I didn't think about co2 don really want to mess wigal regulation in a 2.5 gal but root tabs was something I have to consider now


----------



## jayr232 (Oct 23, 2013)

there is also this flourish excel. good stuff from what ive heard xD


----------



## happypappy (Apr 5, 2012)

I just choose the right plants and they grow fine w/o co2, fert, etc.........led lights are good for low light plants --i.e. anubia. I use cuttings from my larger tanks and seem to have no problems growing plants in 2-3 gallon tanks!


----------



## Stone (Jan 6, 2013)

well, you can use one of the commerical substrates which can cost a bit depending on tank size, or you can use miracle grow organic potting soil and a sand cap of black diamond blasting sand/pool filter sand/play sand. I pretty much use miracle grow and black diamond. I would suggest flourish excel and jobes plant food spikes, you can break them up and use them just like root tabs but way way way cheaper and that really all you need but lights


----------



## itsme (Jun 4, 2013)

I only use organic potting soil with a play sand cap. I do not add anything else like fertilizer etc. This is my 10 gallon set up 5/6/13 and this was taken in August. I divided it last month for two Bettas.


----------



## carlos puron (Jun 9, 2013)

I have miracle grow that I use for my plants but it's not the organic it's one that comes in a blue bag and I have sand from my 75 gal would that work on my 2.5 gal I'm still needing t sure if do it in the 2.5 or get a 5 gal and what about the fish question I can have a betta but if I want to fill it up with plants I guess he won't have much space to swim


----------



## itsme (Jun 4, 2013)

carlos puron said:


> I have miracle grow that I use for my plants but it's not the organic it's one that comes in a blue bag and I have sand from my 75 gal would that work on my 2.5 gal I'm still needing t sure if do it in the 2.5 or get a 5 gal and what about the fish question I can have a betta but if I want to fill it up with plants I guess he won't have much space to swim


I have only used the organic type potting oil, top soil or use dirt from your yard. You don't want any added ferts, chemicals...etc.....
Sift the soil or pick through it to remove any large pieces of organics and wood. The sand you have should work as a cap.
I used the cuttings from this tank to plant a 2 1/2 gallon, 2 gallon, 5 gallon, and a divided 6.6 gallon. You can start with the 2.5 gallon first then when you feel comfortable and plants are growing then do the 75 gal. My Bettas seem to like swimming between all the plants, and less water changes, so they are not stressed. I do thin my tank out once a month when it gets to crowded with new growth.


----------



## carlos puron (Jun 9, 2013)

Well basically the idea is grow them yo add them to the 75 so I gess I start with the 2.5 Should I add soil to thr 75 gal ? So they can keep on growing?


----------



## itsme (Jun 4, 2013)

carlos puron said:


> Well basically the idea is grow them yo add them to the 75 so I gess I start with the 2.5 Should I add soil to thr 75 gal ? So they can keep on growing?

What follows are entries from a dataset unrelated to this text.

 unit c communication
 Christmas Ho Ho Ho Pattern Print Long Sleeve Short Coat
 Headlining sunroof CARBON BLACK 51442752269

I was just saying that you could start with the 2.5 and once you feel comfortable with doing a NPT tank then you could do your 75 gal., but if your comfortable with starting with the larger tank than you should do that. You will need a lot of fast growing plants to fill a 75 gal and your lighting should be 6500k daylight bulbs.


----------



## carlos puron (Jun 9, 2013)

Yeah I believe the 75 would be an ambitious start so I'll take the small one first on anotger question would this lights work to grow low light plants in the 75 gal?
http://www.amazon.com/gp/aw/d/B007TWHMY4

I have two of those for the 75 I know they're not that strong but they should work for low light plans doesn't it? Or I have to go back to fluorescent bulbs?


----------



## itsme (Jun 4, 2013)

carlos puron said:


> Yeah I believe the 75 would be an ambitious start so I'll take the small one first on anotger question would this lights work to grow low light plants in the 75 gal?
> http://www.amazon.com/gp/aw/d/B007TWHMY4
> 
> I have two of those for the 75 I know they're not that strong but they should work for low light plans doesn't it? Or I have to go back to fluorescent bulbs?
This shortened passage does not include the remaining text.